When routine clinical application of MIBG myocardial scintigraphy is encouraged by the effort to standardize the imaging procedure, knowledge about the acquired level of experience needed to evaluate the images would be valuable. This study showed that the early and delayed H/M ratios and WR measured by an inexperienced observer were in excellent agreement with the measurements of an experienced observer. A 2-h period of training examining five example cases was enough for accurate setting of the mediastinal and cardiac ROI. This indicates that the data analysis and the interpretation of planar MIBG images are feasible. Therefore, MIBG myocardial scintigraphy could be implemented easily in the clinical work-up of HF patients. Moreover, the subanalysis performed in patients with very low delayed H/M ratios showed that the reliability remains excellent over the total range of observed myocardial sympathetic activity patterns detected on MIBG myocardial scintigraphy in HF patients.
Limitations
The current study had several limitations. First, only the reproducibility was evaluated in this study, while the precision of planar MIBG myocardial scintigraphy also depends on the validity of the measurements performed. Second, the reproducibility of MIBG myocardial scintigraphy within subjects could not be evaluated, because MIBG myocardial scintigraphy was not repeated in time within the same patients. In the current study existing data were used of one-time MIBG myocardial scintigraphy evaluations. For the within-subject reproducibility of planar MIBG myocardial scintigraphy, a prospective study with repeated MIBG myocardial scintigraphy over time within the same patient is required. However, repeated MIBG myocardial scintigraphy within the same patient would involve an increased radiation dose. Third, we did not evaluate the influence of the size and location of the mediastinal ROI on the measured H/M ratio. However, the size of the mediastinal ROI was fixed (13 × 20 pixels) and the location was specified so that the variation in the mediastinal ROI was minimal in the current analysis (as shown in the Bland-Altman plot in Fig.

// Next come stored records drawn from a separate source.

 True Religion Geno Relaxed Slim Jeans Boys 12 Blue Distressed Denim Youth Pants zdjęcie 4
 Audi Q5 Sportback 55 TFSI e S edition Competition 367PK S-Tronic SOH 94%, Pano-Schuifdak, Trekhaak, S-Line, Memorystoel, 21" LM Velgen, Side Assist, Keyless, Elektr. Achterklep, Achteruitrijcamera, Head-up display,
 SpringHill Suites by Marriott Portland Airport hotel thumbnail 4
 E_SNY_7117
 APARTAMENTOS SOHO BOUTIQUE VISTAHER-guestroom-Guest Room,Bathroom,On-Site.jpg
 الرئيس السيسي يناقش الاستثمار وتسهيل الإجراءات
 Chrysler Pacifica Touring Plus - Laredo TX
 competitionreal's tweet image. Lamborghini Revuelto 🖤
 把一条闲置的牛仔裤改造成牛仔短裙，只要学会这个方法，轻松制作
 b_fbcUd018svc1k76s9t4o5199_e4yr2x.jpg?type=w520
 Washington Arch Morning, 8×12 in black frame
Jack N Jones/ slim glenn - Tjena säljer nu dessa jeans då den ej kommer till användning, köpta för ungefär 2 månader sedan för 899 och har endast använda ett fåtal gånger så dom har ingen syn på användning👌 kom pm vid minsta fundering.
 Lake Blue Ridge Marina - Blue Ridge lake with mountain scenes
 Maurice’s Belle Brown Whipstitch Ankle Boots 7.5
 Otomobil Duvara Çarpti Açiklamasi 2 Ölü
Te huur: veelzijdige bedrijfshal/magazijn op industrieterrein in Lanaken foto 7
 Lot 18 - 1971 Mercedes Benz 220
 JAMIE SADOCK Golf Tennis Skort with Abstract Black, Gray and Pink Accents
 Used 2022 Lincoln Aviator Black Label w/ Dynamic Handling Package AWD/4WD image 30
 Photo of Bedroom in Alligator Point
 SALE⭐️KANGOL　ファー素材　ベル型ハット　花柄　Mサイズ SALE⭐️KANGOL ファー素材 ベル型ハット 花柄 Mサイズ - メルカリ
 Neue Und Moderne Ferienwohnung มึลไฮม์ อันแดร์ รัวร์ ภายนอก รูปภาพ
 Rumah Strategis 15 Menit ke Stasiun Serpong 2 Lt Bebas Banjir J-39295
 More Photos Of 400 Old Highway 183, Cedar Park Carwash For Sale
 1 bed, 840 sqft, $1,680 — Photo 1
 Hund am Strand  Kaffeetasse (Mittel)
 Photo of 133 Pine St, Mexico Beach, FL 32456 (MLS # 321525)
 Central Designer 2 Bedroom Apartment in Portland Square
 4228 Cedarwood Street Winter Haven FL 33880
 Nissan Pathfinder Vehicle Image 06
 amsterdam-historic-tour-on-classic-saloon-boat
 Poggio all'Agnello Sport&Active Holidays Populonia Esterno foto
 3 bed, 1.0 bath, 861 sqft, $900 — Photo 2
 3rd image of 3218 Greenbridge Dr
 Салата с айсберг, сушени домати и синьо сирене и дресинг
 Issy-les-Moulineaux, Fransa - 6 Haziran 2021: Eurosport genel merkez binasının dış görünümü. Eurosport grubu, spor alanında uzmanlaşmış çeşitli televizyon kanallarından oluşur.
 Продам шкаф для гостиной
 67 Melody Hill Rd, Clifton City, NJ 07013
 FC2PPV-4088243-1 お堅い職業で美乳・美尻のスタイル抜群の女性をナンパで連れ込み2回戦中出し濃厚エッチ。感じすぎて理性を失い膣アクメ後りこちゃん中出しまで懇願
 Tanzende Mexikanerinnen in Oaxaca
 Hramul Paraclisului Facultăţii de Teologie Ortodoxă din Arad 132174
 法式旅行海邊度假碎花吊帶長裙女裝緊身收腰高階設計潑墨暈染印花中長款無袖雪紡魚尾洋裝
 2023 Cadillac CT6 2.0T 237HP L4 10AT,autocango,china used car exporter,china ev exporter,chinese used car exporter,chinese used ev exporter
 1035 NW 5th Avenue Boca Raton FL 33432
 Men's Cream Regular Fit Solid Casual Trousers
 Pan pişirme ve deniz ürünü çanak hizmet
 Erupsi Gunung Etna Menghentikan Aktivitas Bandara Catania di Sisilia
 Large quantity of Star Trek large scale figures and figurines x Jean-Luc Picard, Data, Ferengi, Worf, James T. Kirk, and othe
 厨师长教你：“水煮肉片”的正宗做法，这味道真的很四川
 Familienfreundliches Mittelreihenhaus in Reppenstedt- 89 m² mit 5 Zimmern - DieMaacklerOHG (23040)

4). Still, an automatic method to set the mediastinal ROI as “default” in order to correct any variation due to the operator may be advisable. Fourth, analyses for the assessment of regional myocardial sympathetic activity on MIBG SPECT images were not performed in the current study. Instead, this study focused mainly on measurements on planar MIBG images. Further studies are needed to investigate the reliability of cardiac MIBG SPECT imaging.
Conclusion
The present study showed excellent reproducibility of planar MIBG myocardial scintigraphy in HF patients. Moreover, for the calculation of WR, the formula without background correction showed high reliability and might therefore be preferable in HF patients. Furthermore, we observed only a small influence of the level of experience on the assessment of H/M ratios and WR, indicating that the data analysis and interpretation of planar MIBG images is feasible. In addition, the use of a fixed-size oval cardiac ROI could make the image analysis procedure even more standardized. Consequently, these results could contribute to the standardization of the data analysis and interpretation of planar MIBG images and therefore might provide extra validation for the reliability of planar MIBG myocardial scintigraphy in HF patients.